Fundamentalism and American Culture by George Marsden challenges existing assumptions and portrays a more robust description of the emergence of fundamentalism. Marsden offers an analysis of a movement that responded to the social, intellectual, and religious crises of their time. Fundamentalists did not merely withdraw from these cultural changes, but engaged these changes in direct ways. Marsden depicts fundamentalists as expressing a distinct version of evangelical Christianity uniquely shaped by the circumstances of America in the late nineteenth and early twentieth century — a time marked by an openly turning away from God.

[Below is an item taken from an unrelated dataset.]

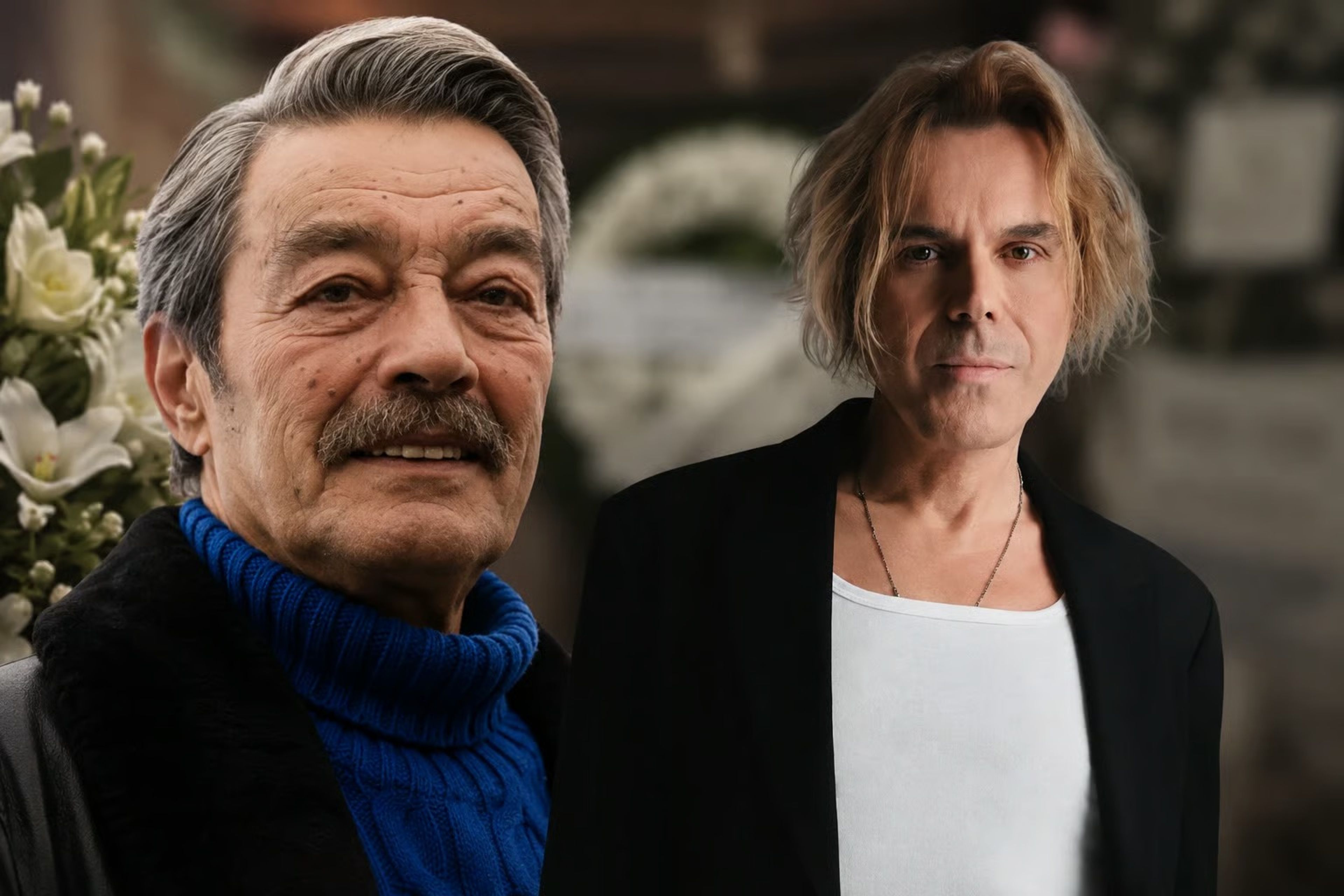 "Dayısıyla küs mü?" diye konuşuluyordu! Kadir İnanır'ın ardından Soner Arıca'nın o sözleri gündem oldu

Marsden’s description of the critical role of Scottish Common Sense Realism and Baconian scientific method in the fundamentalist worldview provides a contrasting image to the caricature of the backwater, uneducated, anti-intellectual, rural, Southern fundamentalist. Understanding fundamentalists in proper context requires inquiry into the northern expression in denominational and educational contexts. The fundamentalists’ concern rested not in the use of any intellectual and scientific thought, but in the type of science appropriated by the modernists. Fundamentalists viewed their own epistemology as a rational system in contrast to modern liberalism’s reliance upon unproven hypotheses.

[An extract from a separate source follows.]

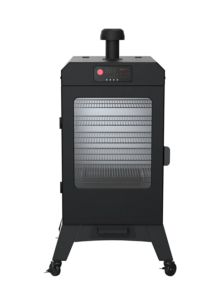 5-Rack Vertical Pellet Smoker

While Marsden’s work impresses in its breadth of coverage, the ambitious attempt to provide an expansive and comprehensive description of fundamentalism falls short in his under-represents of the experience of Southern evangelicals who faced less strident opposition. Because of the minimal discussion on Southern fundamentalism, the presentation of the Scopes Trial feels abrupt and under-analyzed. More explication of the Southern stream of fundamentalism would serve as a welcomed addition, not merely to recapitulate the existing work on Southern evangelicalism but to fulfill Marsden’s attempt to provide a thicker and more comprehensive description of fundamentalism.